An investigation by police led to a further 17 of Alcock's drivers being prosecuted for illegal driving.
Mr Needham's family called for stricter controls on the number of hours drivers are allowed to spend on the road after the case.
Speaking through a police spokesperson after the hearing, the family said: "We hope that John's death will result in something positive - that the government will ensure transport agencies...will come under strict legislation in future, to force them to be held accountable."
The court was told that when Emery, of Sandon Road, collided with Mr Needham he had been driving for 41 out of the previous 57 hours.

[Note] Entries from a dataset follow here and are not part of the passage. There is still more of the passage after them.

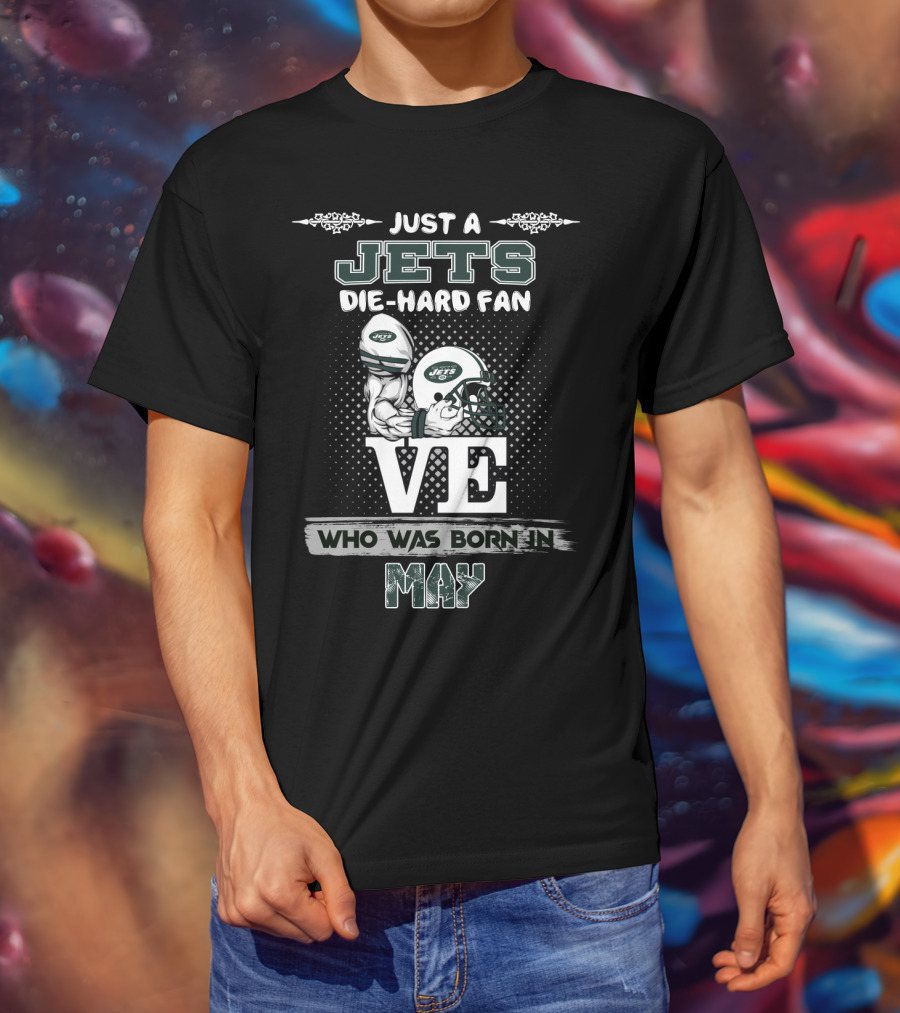 Just A Jets Die-Hard Fan Who Was Born In May T-Shirt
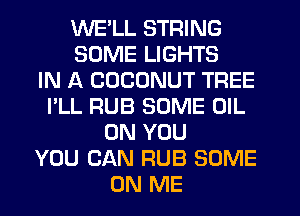 WE'LL STRING
SOME LIGHTS
IN A COCONUT TREE
I'LL RUB SOME OIL
ON YOU
YOU CAN RUB SOME
ON ME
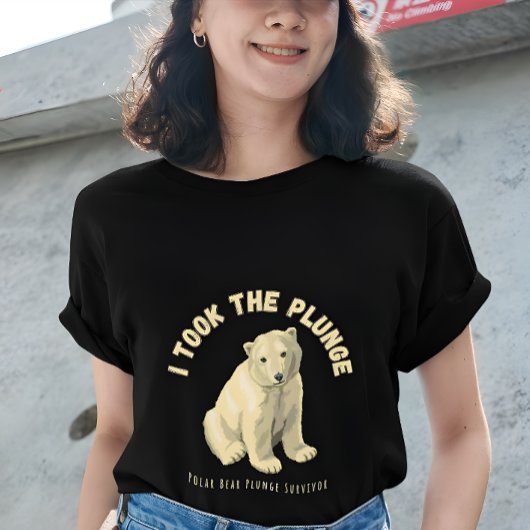 Polar Plunge Polar Bear I nahm den Tauchgang T-Shirt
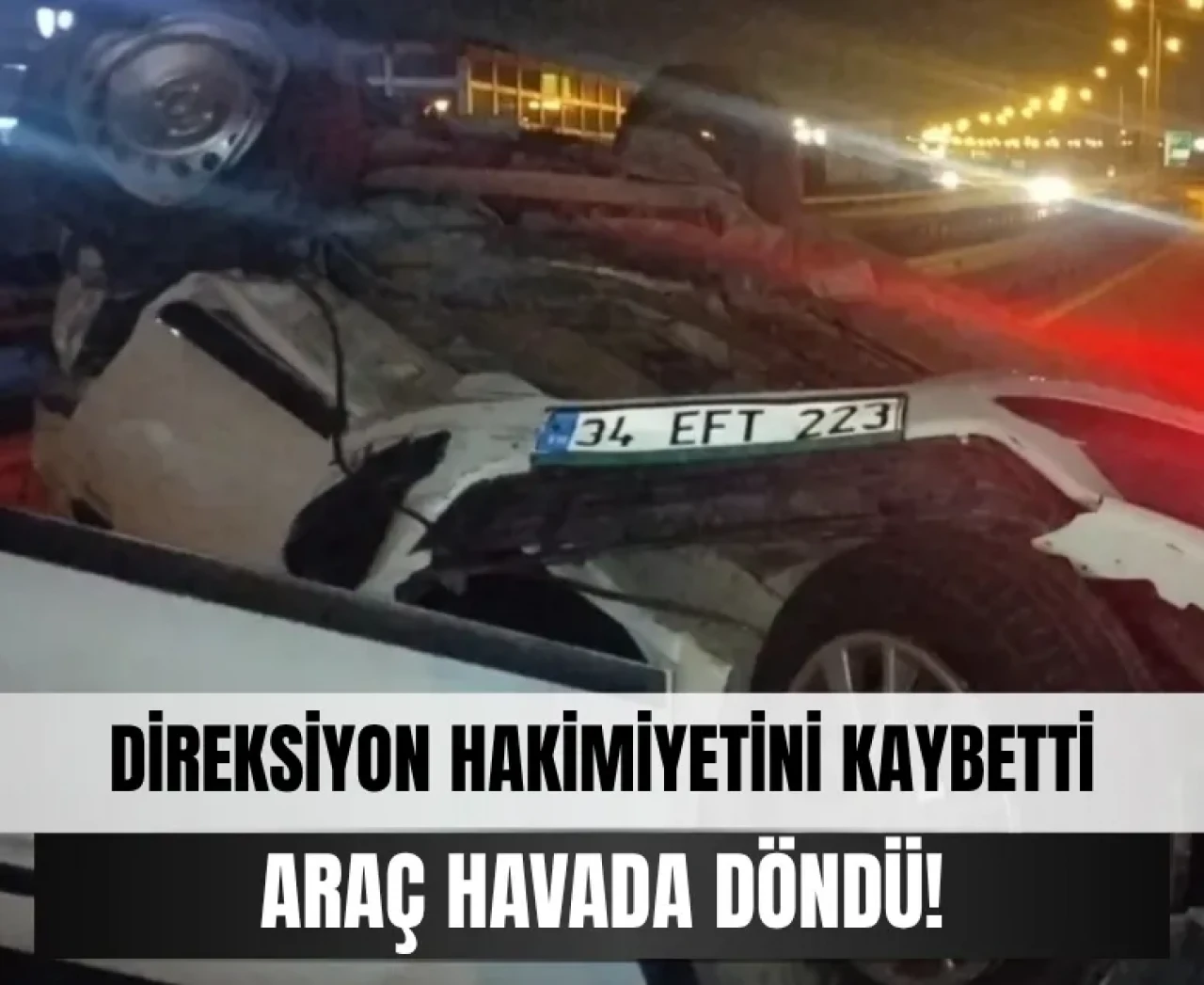Bir anlık kontrol kaybı ağır sonuçlandı: Çarpışmanın ardından araç takla attı!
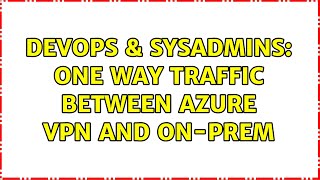 Famous DevOps & SysAdmins: One way traffic between azure VPN and on-prem Net Worth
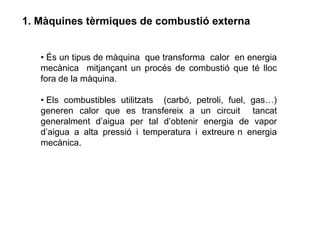 1. Màquines tèrmiques de combustió externa


   • És un tipus de màquina que transforma calor en energia
   mecànica mitjançant un procés de combustió que té lloc
   fora de la màquina.

   • Els combustibles utilitzats (carbó, petroli, fuel, gas…)
   generen calor que es transfereix a un circuit tancat
   generalment d’aigua per tal d’obtenir energia de vapor
   d’aigua a alta pressió i temperatura i extreure n energia
   mecànica.
 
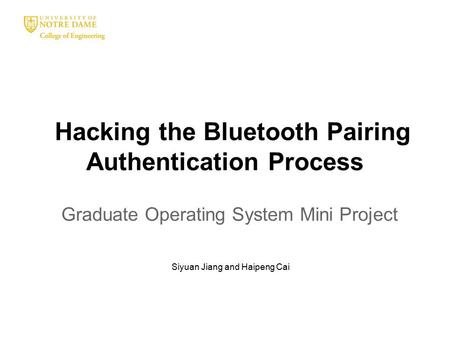 Hacking the Bluetooth Pairing Authentication Process Graduate Operating System Mini Project Siyuan Jiang and Haipeng Cai.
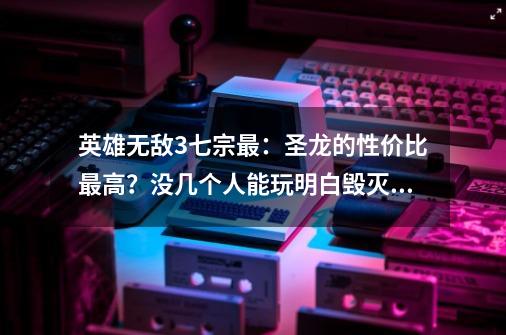 英雄无敌3七宗最：圣龙的性价比最高？没几个人能玩明白毁灭球？-第1张-游戏信息-泓泰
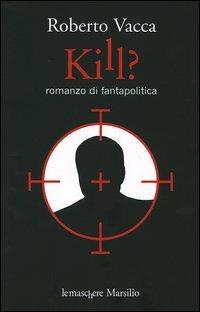Kill? - Roberto Vacca - Libro Marsilio 2005, Le maschere | Libraccio.it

In order to cover up the number of hours he had worked, Emery and Alcock then joined forces to conceal the drivers' shift patterns from police, the court heard.
But the truth came to light when other drivers who worked for Alcock testified that they had been driving more than the legal number of hours and had been pressurised into doing so by their boss.
Jeremy Benson QC, mitigating for Alcock, said the haulage boss admitted he encouraged his drivers to work beyond the permitted hours, but denied any suggestion he had forced them to do it.
Brian Forster QC, for father-of-four Emery, said the former driver, who was found to have mild learning difficulties, felt "genuine remorse" for what had happened and "will carry the guilt for the rest of his life".